*** Begin section ***

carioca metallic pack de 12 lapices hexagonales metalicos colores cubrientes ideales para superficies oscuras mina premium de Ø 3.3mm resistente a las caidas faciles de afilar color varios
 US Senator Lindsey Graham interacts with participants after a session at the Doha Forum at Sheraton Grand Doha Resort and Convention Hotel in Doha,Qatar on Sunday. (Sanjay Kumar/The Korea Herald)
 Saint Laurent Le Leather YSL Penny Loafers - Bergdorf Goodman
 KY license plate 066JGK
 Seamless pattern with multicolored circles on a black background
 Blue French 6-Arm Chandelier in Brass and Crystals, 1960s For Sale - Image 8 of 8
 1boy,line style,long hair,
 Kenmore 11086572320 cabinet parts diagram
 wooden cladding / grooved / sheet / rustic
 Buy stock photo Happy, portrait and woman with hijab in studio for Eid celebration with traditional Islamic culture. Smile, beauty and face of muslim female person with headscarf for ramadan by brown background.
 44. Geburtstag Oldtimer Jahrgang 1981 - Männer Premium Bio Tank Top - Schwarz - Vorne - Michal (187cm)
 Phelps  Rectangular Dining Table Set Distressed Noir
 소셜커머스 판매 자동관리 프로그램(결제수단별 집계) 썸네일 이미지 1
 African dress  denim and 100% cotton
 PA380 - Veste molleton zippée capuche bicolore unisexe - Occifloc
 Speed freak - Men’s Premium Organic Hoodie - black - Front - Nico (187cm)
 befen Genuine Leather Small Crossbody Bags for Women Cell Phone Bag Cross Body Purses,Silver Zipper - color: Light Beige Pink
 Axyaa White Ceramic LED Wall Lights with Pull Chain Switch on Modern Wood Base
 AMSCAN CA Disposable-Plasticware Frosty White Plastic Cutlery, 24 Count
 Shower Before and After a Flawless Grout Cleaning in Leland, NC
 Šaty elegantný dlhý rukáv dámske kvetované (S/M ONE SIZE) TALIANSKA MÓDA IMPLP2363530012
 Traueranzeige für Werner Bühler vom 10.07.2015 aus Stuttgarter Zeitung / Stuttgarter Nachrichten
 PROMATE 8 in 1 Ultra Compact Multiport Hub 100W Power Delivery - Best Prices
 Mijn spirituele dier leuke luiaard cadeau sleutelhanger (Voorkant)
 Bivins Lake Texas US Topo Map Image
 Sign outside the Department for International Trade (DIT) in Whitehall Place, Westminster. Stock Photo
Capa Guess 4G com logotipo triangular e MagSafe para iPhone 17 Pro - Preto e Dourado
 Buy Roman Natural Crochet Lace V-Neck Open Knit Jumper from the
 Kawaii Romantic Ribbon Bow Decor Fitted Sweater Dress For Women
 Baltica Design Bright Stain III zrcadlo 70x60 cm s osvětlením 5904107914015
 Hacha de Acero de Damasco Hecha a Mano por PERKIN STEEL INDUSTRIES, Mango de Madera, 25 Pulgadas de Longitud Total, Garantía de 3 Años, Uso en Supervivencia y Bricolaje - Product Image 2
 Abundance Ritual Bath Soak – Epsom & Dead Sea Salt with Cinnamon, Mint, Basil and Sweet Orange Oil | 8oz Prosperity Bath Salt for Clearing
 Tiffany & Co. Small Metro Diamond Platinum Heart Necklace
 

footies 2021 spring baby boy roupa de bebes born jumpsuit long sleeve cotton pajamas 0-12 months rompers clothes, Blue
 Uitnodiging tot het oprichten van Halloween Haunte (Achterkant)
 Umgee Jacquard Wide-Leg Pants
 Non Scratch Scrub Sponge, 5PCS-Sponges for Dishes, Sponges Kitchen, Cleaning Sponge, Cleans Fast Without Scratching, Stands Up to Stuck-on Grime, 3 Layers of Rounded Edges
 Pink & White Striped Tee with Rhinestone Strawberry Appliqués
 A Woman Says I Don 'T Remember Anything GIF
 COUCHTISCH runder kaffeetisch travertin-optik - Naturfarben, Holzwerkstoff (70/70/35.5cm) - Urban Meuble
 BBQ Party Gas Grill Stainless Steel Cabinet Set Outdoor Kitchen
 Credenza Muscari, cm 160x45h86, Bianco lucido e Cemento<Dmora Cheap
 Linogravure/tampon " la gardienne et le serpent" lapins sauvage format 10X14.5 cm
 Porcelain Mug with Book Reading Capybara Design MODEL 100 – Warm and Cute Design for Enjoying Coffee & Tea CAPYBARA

*** End section ***

Output the lines above between the one holding "and 100% cotton" and the one holding "Šaty elegantný dlhý", inclusive, with nothing before or after them.

 African dress  denim and 100% cotton
 PA380 - Veste molleton zippée capuche bicolore unisexe - Occifloc
 Speed freak - Men’s Premium Organic Hoodie - black - Front - Nico (187cm)
 befen Genuine Leather Small Crossbody Bags for Women Cell Phone Bag Cross Body Purses,Silver Zipper - color: Light Beige Pink
 Axyaa White Ceramic LED Wall Lights with Pull Chain Switch on Modern Wood Base
 AMSCAN CA Disposable-Plasticware Frosty White Plastic Cutlery, 24 Count
 Shower Before and After a Flawless Grout Cleaning in Leland, NC
 Šaty elegantný dlhý rukáv dámske kvetované (S/M ONE SIZE) TALIANSKA MÓDA IMPLP2363530012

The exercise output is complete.